Positive results from this trial could support a broader label without age restrictions. The results from this trial are expected to be available by the end of the year. Sarepta declined to provide further comments, and the company’s shares experienced an 8% drop at the market opening.

Sarepta is seeking FDA clearance based on the therapy’s ability to assist individuals with Duchenne muscular dystrophy in producing a protein called microdystrophin, which is believed to protect muscle function. Furthermore, preliminary testing indicated that some participants achieved better outcomes than what medical history would suggest.

Nevertheless, in the sole placebo-controlled trial conducted to date for Sarepta’s gene therapy, there was no substantial improvement observed in patient function as a result of the treatment. Further analysis conducted by the company revealed that participants between the ages of 4 and 5 showed better results compared to older participants.

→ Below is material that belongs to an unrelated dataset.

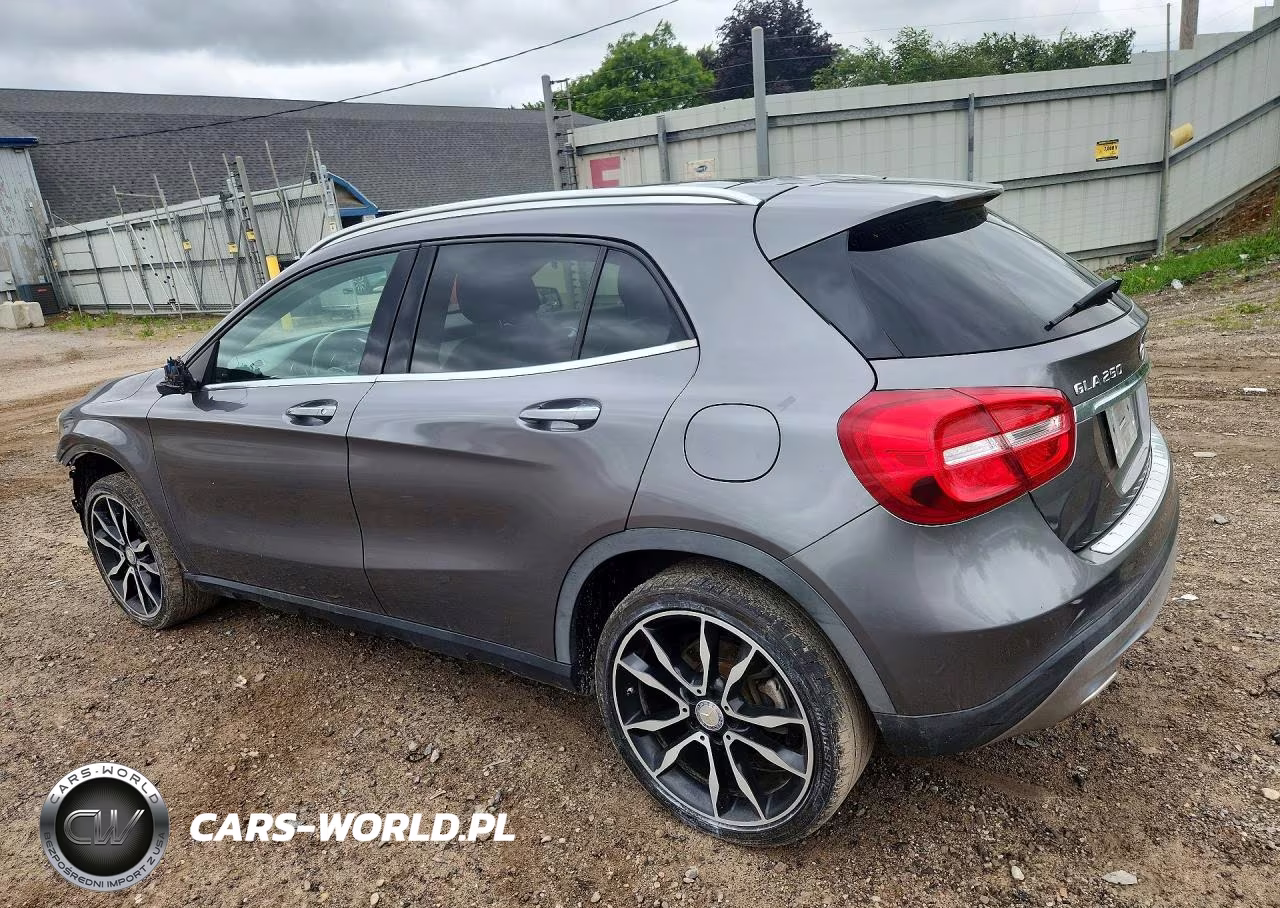 2016 Mercedes-Benz Gla 250 4Matic VIN:WDCTG4GBXGJ210692 - 2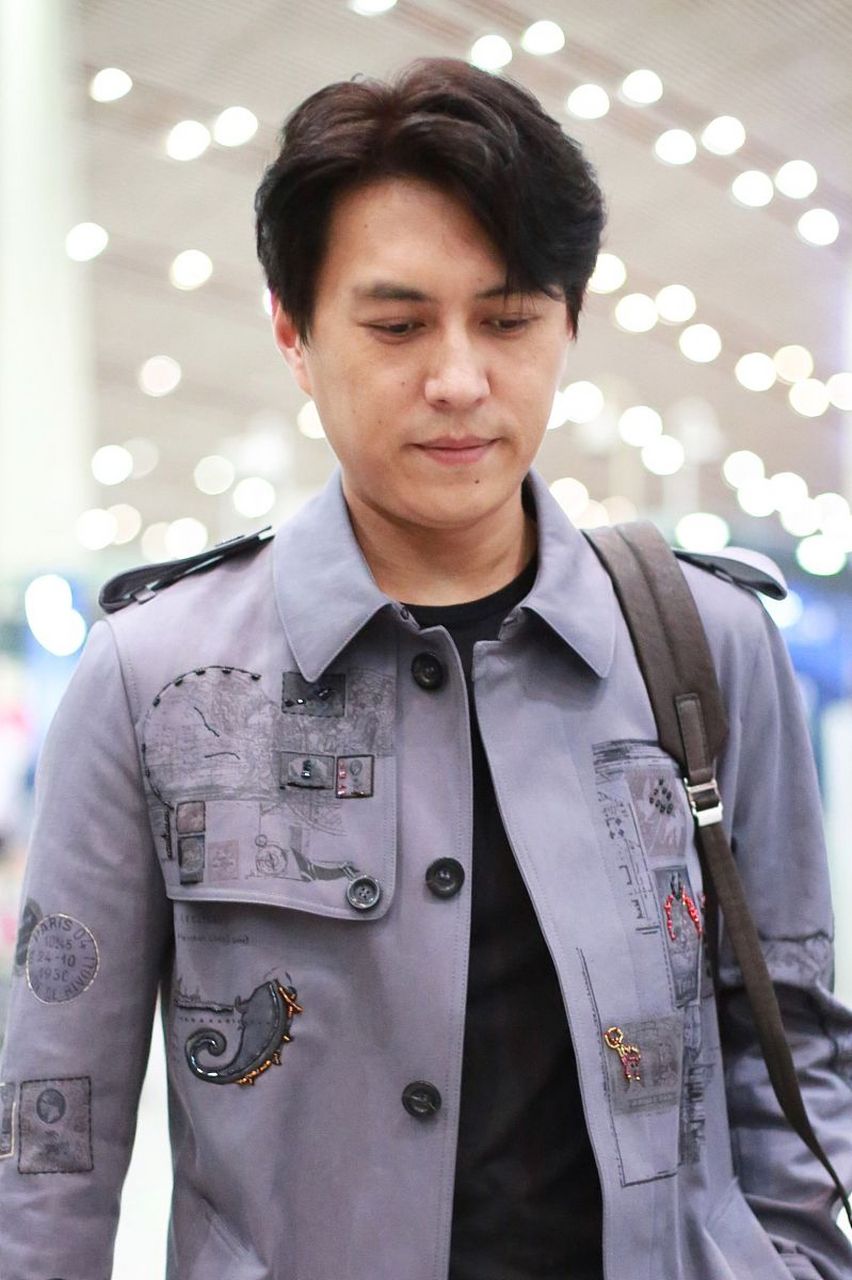 靳东在济南大学宣传防艾知识,谁知道广场上的那些网友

The FDA faces a challenge due to the conflicting data, which seems to have created a division within the agency regarding the decision to approve the treatment. During a recent meeting of FDA advisors, agency scientists raised concerns about the significance of microdystrophin and expressed skepticism about Sarepta’s results. Some panelists shared these views, but ultimately, the FDA advisors voted 8-6 in favor of recommending accelerated approval for Sarepta.

The ongoing confirmatory study has the potential to address the doubts held by FDA staff and advisors. However, the short timeline also poses risks for the FDA, as approving the therapy and subsequently obtaining negative data from the trial could result in its removal from the market.

Duchenne muscular dystrophy is a progressive condition that primarily affects boys, resulting in muscle wasting. Administering gene therapy at an earlier stage is likely to lead to better outcomes, according to Jerry Mendell, the director of gene therapy research at Nationwide Children’s Hospital and an investigator in Sarepta’s study. 

Muscles weaken over time, and early treatment targets stronger muscle tissue that is more receptive to gene therapy. Additionally, scar tissue accumulates as patients age, making muscle contraction less effective and impacting the therapy’s efficacy.

The potential limitations of Sarepta’s treatment, particularly in the initial stages, came as a surprise to Brian Abrahams, an analyst covering Sarepta at RBC Capital Markets. In a note to clients, he mentioned that while initially limiting approval to younger patients was viewed as a middle ground to justify accelerated approval based on better data in that age group, it had not been extensively discussed during the FDA meeting.